THE PROBLEM:
Each line from the one with "Mercedes-Benz C-Klasse 180" through the last line of the material is to be printed exactly; no other line and no picture belongs in the copy.

COLLECTED MATERIAL:
^^^^

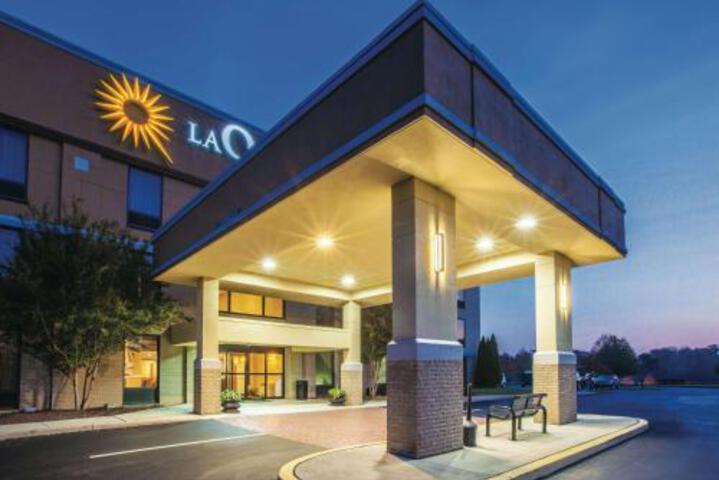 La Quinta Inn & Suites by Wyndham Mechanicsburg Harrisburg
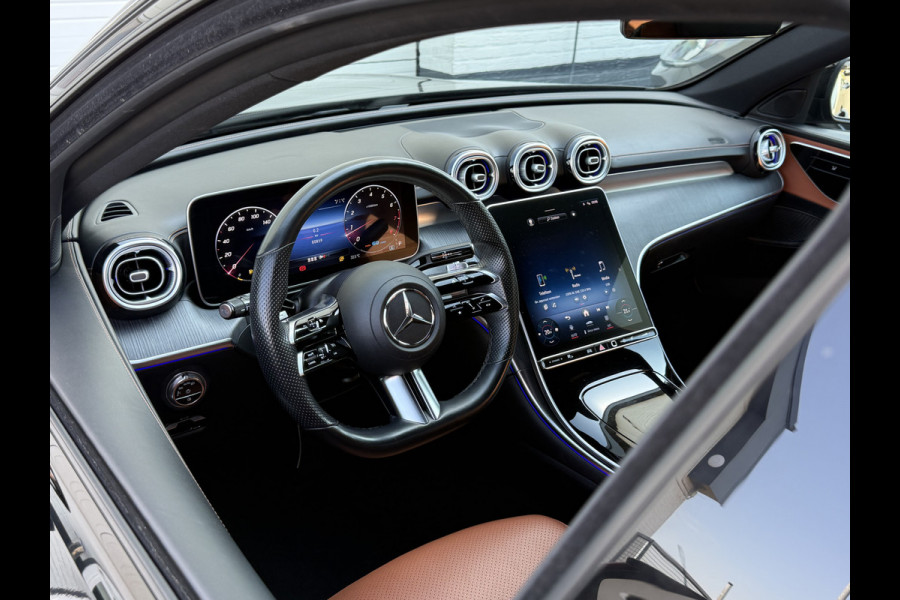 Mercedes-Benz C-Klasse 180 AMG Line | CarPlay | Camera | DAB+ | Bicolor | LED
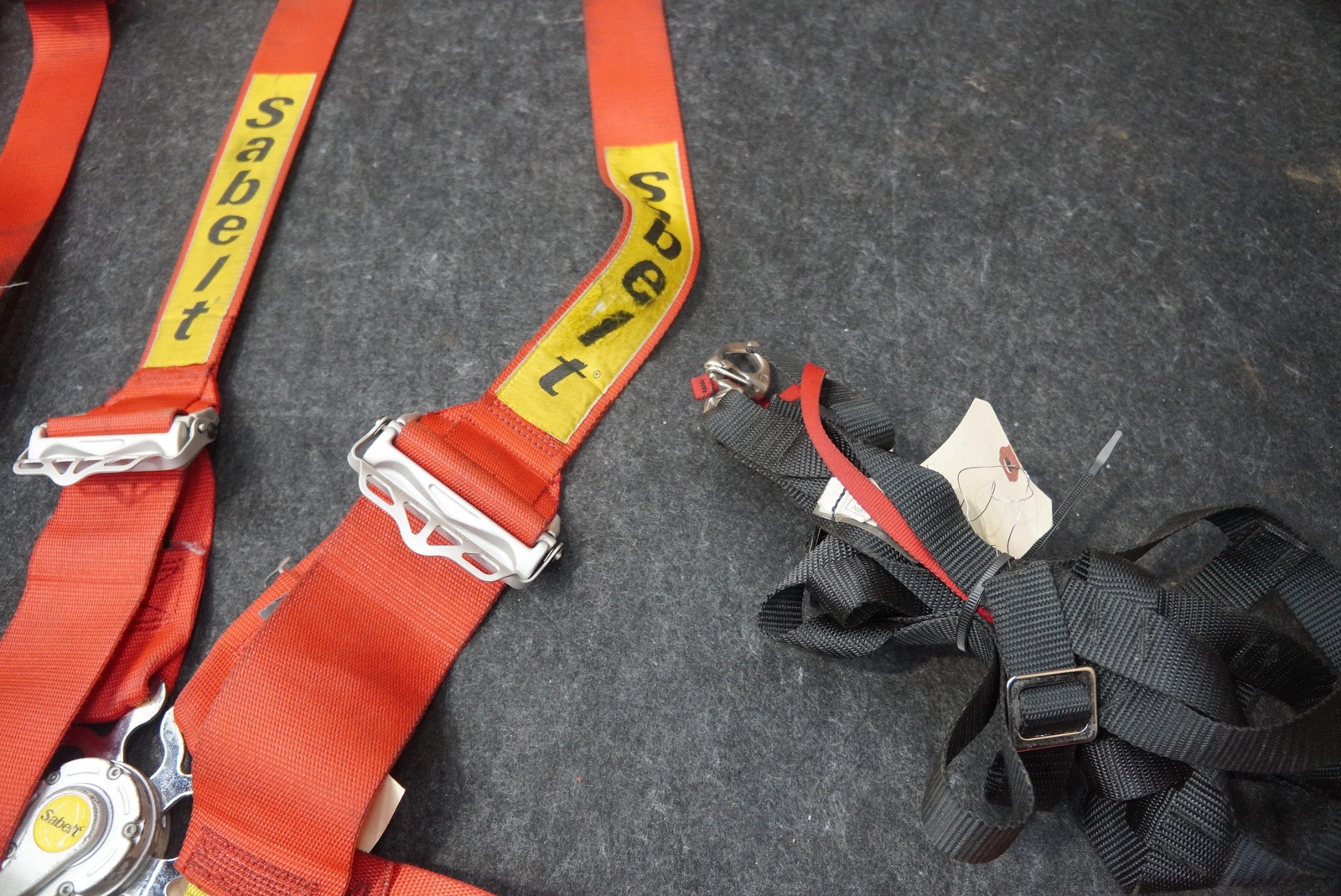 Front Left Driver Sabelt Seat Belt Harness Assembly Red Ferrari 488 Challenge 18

^^^^

SOLUTION TO THE PROBLEM:
 Mercedes-Benz C-Klasse 180 AMG Line | CarPlay | Camera | DAB+ | Bicolor | LED
 Front Left Driver Sabelt Seat Belt Harness Assembly Red Ferrari 488 Challenge 18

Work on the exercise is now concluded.